You certainly won't find any scholarly criticism at the pungently satirical Throne Out (fantastic name!): (http://www.throneout.com/). It pulls no punches, but there's a place in the world for confrontational humour. Their "Could You Be a Royal?" online quiz is wicked: http://www.throneout.com/royal_quiz.asp

Monarchy Out! (http://monarchyout.members.easyspace.com/) is less stringent than that. "I like things that make sense", says the author, "having a monarchy reign over us in Britain has never made sense to me." And he goes on to explain exactly why. Well designed, with a links page that includes pro-monarchy sites as well as anti- ones.

The Movement Against the Monarchy (MA'M) is an anarchist direct action/protest group. These are the people who dropped their trousers and 'mooned' at Buckingham Palace a few years ago to an audience consisting mainly of police officers and Daily Mail reporters. Their website (http://start.at/buckingham_palace) pulls even fewer punches than Throne Out, starting as it means to go on with its logo: a guillotine. The pungent style won't be to everyone's taste, but there is an energy here that is lacking elsewhere. Whether they always direct it at the right targets is another matter. The site hosts a diary of actions and anti-Jubilee events, and reports of the same, but don't come here looking for detailed articles. And honestly, what is it with anti-monarchists and nasty pink backgrounds?

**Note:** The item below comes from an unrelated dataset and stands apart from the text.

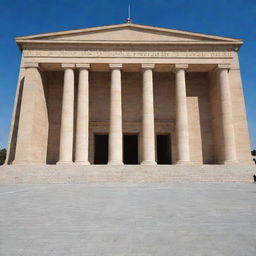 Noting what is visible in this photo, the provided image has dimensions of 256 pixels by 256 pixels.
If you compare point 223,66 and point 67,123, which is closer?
point 67,123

For a global perspective, check out the International Anti-Monarchy Web Directory (http://www.lis.uiuc.edu/~makepeac/intrep/), which is exactly what is says it is – a directory of anti-monarchist and republican organisations and resources sorted by country.

Finally, I'd like to draw readers' attention to the New Humanist's online '5th Column' (http://www.newhumanist.org.uk/fifthcolumn.php), which was announced as forthcoming in my last column and has now burst onto the Web. I'd pick out the 'Dr Strangebird' column as a personal favourite, along with Mike Kelly's fantasy 'French Intellectuals to be Deployed in Afghanistan To Convince Taliban of the Non-Existence of God'. But there are serious articles too, like Peter Tatchell's call for Mugabe's arrest. If you have always wanted more strangeness, humour and unrestrained passion in your New Humanist, '5th Column' is where you'll find it. Should do well.

I'll end by mentioning 'Secular Global Forum', a discussion group which can be found at http://communities.msn.co.uk/SecularGlobalForum, and is, according to its creator Hugh Caldwell, "a space where those of the 900 million non-religious that stop by might join or start a discussion". Early days yet, but perhaps a plug here will help: "are atheists as moral as theists?".